Recalling our previously described SymbolTable interface, that includes a get() method for searching for a key so that its corresponding value can be returned, and a put() method for inserting (or updating) key-value pairs in the tree:

public interface SymbolTable<Key, Value> {

   Value get(Key key);              // returns the value paired with given key

   void put(Key key, Value value);  // inserts a key-value pair into the table,
                                    // or updates the value associated with a key if it
                                    // is already present
   ...
}

As we consider the algorithms and implementations behind these two methods -- let us suppose we start with the following skeleton for our BinarySearchTree class:

public class BinarySearchTree<Key extends Comparable<Key>,Value> 
                             implements SymbolTable<Key,Value> {
    
    private class Node {
        private Key key;     // the key 
        private Value val;   // the value
        
        private Node left;   // a reference to the left child of this node
        private Node right;  // a reference to the right child of this node
        
        ...
 
        public Node(Key key, Value val) {   // a constructor to make
            this.key = key;                 // Node creation simple
            this.val = val;
        }
    }
    
    private Node root;  // a reference to the root node of the tree -- through
                        // which, references to all other nodes can be found

    ...
}

A couple of things above bear mentioning. First, note that we have insisted that our keys implement the Comparable interface. This, of course, allows us to compare the keys in our tree with any keys for which we might be searching.

Related to this -- and as a required property of binary search trees -- we assume they are kept in symmetric order, by key. Recall for a tree to be in symmetric order, the keys in all of the left descendents of any given node must be less than that node's key, and the keys in all of the right descendents of any given node must be greater than that node's key.

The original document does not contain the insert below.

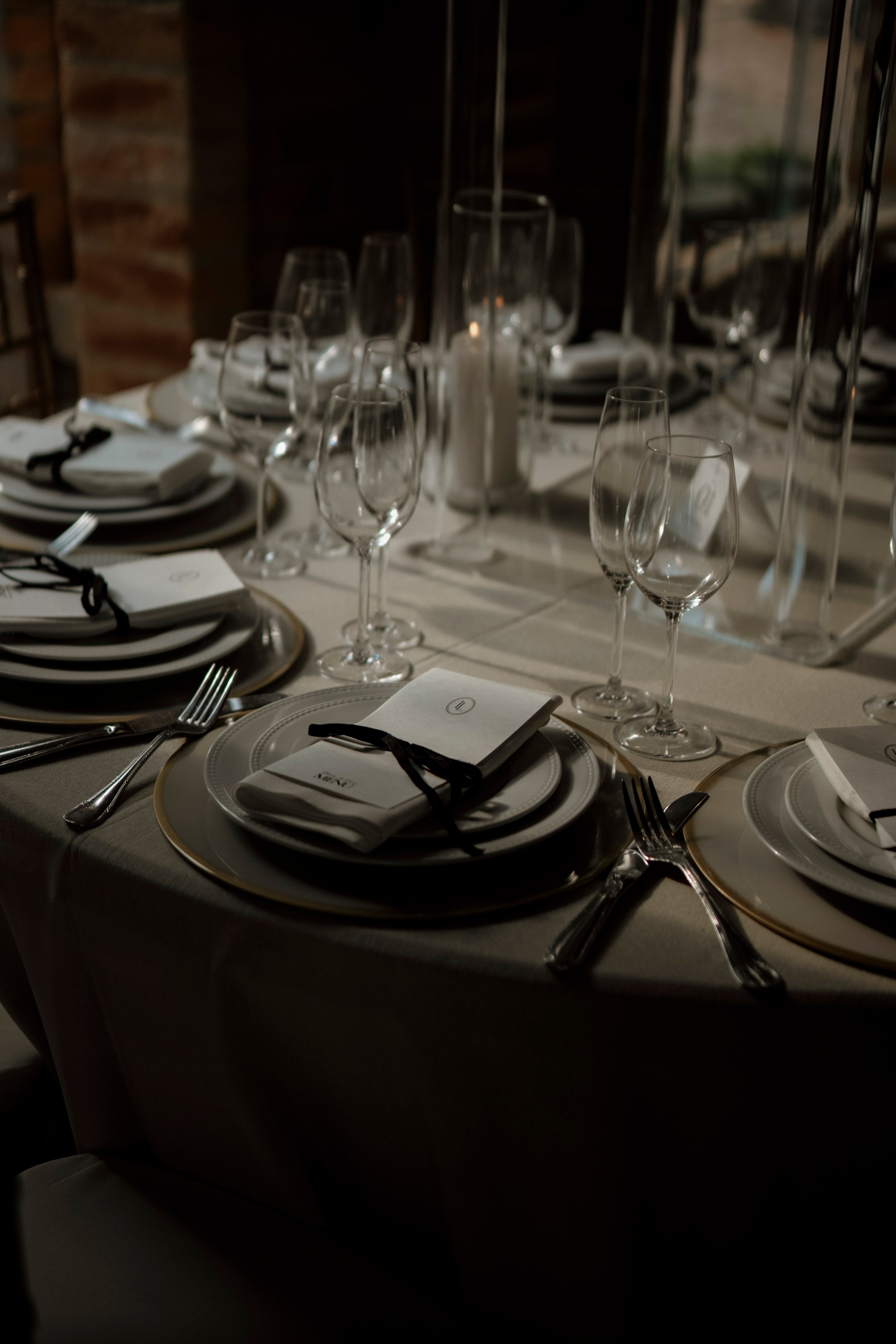 Laura & Lucas. Congiu Wedding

With this in mind, let's take a closer look at the get() method, which retrieves the value associated with a given key...

The `get()` method

Note that each node has several instance variables associated with it, but the entire BinarySearchTree class has only one -- a reference to the node identified as root. To return the value associated with key, we'll need to find a reference to the node containing key. However, if all we have is a reference to root, how do we get the reference we need?

As a specific example, consider the tree drawn below. Suppose we seek the node with key $H$. Create a new reference $n$ identical to our tree's root (which references node $S$). Then compare $H$ (the key sought) with the key $S$ at $n$.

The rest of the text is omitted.